## Work instructions
Check each line of the records below and collect those that include the word "Monday".

## Input material
= = =
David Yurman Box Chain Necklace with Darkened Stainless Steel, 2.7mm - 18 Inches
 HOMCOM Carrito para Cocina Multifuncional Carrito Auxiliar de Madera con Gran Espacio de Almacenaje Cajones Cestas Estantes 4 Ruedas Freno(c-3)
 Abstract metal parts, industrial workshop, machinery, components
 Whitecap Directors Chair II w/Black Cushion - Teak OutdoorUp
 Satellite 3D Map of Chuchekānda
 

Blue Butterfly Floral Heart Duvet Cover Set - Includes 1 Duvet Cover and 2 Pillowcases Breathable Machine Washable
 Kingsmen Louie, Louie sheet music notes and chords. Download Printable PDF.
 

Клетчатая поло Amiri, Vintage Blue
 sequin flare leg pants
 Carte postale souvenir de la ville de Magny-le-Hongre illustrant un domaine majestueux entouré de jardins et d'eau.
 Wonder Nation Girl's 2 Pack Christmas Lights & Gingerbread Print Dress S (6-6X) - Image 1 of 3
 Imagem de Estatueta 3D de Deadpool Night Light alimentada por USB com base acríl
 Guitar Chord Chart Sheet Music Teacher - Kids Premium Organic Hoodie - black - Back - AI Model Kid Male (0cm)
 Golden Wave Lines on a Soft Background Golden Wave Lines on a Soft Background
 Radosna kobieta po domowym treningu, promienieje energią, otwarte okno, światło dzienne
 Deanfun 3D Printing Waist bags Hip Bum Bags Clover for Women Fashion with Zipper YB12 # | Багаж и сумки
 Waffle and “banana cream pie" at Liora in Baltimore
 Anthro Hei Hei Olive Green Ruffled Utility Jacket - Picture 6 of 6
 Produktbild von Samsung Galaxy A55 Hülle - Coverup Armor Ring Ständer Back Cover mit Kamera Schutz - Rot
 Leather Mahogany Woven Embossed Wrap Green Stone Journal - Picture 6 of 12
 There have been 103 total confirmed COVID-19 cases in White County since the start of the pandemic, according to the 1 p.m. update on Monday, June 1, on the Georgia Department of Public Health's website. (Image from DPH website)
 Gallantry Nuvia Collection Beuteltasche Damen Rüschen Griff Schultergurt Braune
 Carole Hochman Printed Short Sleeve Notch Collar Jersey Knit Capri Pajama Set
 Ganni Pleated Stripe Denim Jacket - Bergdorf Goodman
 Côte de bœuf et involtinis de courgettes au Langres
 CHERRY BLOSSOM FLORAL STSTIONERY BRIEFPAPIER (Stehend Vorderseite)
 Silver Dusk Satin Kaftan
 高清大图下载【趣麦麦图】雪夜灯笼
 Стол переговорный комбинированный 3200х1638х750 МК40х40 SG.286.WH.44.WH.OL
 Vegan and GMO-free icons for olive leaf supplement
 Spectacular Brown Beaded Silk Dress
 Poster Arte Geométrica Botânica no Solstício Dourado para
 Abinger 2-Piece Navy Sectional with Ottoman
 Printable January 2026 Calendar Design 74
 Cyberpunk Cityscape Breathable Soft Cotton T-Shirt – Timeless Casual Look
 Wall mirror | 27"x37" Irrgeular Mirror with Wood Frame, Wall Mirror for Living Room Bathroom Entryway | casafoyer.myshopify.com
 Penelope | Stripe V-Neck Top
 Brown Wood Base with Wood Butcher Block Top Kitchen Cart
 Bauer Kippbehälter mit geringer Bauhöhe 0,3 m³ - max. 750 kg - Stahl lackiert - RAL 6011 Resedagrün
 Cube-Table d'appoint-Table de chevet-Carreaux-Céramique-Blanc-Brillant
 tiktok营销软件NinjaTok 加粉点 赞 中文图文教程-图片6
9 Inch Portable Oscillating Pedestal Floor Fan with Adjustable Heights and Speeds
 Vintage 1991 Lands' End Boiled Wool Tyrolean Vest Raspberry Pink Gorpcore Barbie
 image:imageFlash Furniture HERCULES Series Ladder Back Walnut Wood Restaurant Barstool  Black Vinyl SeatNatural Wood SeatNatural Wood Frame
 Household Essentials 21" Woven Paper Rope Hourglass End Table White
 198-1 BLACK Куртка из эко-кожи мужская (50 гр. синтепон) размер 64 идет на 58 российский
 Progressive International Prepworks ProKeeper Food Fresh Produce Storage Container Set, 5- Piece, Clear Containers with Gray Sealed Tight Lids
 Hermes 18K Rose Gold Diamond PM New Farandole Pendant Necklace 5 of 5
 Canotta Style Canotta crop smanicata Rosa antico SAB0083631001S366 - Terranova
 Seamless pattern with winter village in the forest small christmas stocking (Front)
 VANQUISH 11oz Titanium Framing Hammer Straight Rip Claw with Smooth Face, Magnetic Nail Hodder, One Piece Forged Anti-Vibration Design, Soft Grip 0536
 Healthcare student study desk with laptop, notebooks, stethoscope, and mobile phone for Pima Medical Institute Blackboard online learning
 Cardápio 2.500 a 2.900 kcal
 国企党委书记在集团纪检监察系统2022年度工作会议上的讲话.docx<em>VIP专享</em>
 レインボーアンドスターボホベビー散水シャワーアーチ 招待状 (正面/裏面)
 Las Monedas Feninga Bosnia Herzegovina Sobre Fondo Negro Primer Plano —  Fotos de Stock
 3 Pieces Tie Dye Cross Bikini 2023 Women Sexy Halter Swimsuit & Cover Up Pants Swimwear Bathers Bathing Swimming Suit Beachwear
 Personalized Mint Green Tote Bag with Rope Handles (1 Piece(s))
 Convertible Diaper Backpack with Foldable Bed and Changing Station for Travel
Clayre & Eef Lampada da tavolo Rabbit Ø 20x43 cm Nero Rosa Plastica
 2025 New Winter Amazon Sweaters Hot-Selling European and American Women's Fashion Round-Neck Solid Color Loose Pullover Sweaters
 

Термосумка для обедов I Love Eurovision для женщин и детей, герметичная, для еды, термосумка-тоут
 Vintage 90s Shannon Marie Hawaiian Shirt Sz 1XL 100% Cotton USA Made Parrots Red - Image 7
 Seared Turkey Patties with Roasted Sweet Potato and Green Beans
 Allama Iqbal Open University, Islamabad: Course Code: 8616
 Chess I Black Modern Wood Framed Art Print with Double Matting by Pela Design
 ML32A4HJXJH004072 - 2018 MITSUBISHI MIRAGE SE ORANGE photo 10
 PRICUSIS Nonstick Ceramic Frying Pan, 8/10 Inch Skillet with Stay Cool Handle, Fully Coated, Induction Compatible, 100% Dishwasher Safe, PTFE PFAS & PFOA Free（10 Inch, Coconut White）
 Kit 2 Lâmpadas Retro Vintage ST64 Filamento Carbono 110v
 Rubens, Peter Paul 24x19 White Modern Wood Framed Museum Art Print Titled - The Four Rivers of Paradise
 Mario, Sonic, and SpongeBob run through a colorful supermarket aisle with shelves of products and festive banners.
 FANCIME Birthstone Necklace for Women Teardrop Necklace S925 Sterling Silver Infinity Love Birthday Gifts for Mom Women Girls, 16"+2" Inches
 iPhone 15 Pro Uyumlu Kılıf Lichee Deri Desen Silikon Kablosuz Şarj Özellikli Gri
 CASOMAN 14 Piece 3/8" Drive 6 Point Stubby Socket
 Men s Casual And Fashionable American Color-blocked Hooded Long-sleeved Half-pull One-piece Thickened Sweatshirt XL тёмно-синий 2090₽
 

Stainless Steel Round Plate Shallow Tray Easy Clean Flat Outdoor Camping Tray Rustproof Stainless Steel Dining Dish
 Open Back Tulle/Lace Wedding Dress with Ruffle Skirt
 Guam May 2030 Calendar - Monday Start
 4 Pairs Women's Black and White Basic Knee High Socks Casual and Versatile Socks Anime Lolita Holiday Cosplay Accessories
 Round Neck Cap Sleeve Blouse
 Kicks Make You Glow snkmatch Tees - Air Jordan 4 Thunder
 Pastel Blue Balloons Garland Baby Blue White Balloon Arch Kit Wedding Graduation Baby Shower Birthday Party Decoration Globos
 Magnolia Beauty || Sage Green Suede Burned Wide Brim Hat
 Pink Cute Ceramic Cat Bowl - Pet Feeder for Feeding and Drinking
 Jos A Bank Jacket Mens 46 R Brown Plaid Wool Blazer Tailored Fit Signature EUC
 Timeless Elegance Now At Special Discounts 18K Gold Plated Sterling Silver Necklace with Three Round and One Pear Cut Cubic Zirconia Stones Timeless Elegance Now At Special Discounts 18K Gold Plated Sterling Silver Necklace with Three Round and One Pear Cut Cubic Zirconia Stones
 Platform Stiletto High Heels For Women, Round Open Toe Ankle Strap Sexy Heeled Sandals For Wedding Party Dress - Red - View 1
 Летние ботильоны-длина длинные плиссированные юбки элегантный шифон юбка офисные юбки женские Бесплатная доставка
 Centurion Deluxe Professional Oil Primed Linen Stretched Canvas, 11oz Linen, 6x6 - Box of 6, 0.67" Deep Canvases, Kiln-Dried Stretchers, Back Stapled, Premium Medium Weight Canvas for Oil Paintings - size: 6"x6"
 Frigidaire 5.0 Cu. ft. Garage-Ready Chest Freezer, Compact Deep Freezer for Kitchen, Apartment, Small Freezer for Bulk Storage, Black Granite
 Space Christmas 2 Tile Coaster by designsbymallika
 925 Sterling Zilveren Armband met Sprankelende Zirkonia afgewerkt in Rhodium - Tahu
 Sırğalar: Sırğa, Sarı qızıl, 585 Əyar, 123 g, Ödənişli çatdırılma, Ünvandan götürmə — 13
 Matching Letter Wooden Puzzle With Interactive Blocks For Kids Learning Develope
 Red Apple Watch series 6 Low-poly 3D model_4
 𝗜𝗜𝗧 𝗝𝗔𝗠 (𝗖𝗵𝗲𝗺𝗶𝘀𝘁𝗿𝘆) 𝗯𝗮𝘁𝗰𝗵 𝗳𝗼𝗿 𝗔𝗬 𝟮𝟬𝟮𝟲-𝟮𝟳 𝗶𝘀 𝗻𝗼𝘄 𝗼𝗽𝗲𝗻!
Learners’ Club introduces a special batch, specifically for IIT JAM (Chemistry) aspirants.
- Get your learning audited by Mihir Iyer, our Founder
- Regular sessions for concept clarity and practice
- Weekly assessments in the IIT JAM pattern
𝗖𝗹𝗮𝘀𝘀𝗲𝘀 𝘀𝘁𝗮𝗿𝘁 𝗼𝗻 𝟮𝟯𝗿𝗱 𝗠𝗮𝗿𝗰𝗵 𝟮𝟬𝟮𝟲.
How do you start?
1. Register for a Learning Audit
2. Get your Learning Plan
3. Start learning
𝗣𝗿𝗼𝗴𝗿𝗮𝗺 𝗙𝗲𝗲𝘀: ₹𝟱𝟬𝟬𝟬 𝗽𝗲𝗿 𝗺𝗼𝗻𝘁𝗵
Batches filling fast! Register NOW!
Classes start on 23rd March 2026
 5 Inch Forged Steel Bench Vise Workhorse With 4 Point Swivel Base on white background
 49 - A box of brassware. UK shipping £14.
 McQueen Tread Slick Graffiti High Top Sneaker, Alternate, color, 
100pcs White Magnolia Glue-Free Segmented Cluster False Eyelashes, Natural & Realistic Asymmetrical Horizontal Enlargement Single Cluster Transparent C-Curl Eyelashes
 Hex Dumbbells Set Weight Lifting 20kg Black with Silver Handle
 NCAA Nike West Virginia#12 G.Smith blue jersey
= = =
## Solution to this problem
 There have been 103 total confirmed COVID-19 cases in White County since the start of the pandemic, according to the 1 p.m. update on Monday, June 1, on the Georgia Department of Public Health's website. (Image from DPH website)
 Guam May 2030 Calendar - Monday Start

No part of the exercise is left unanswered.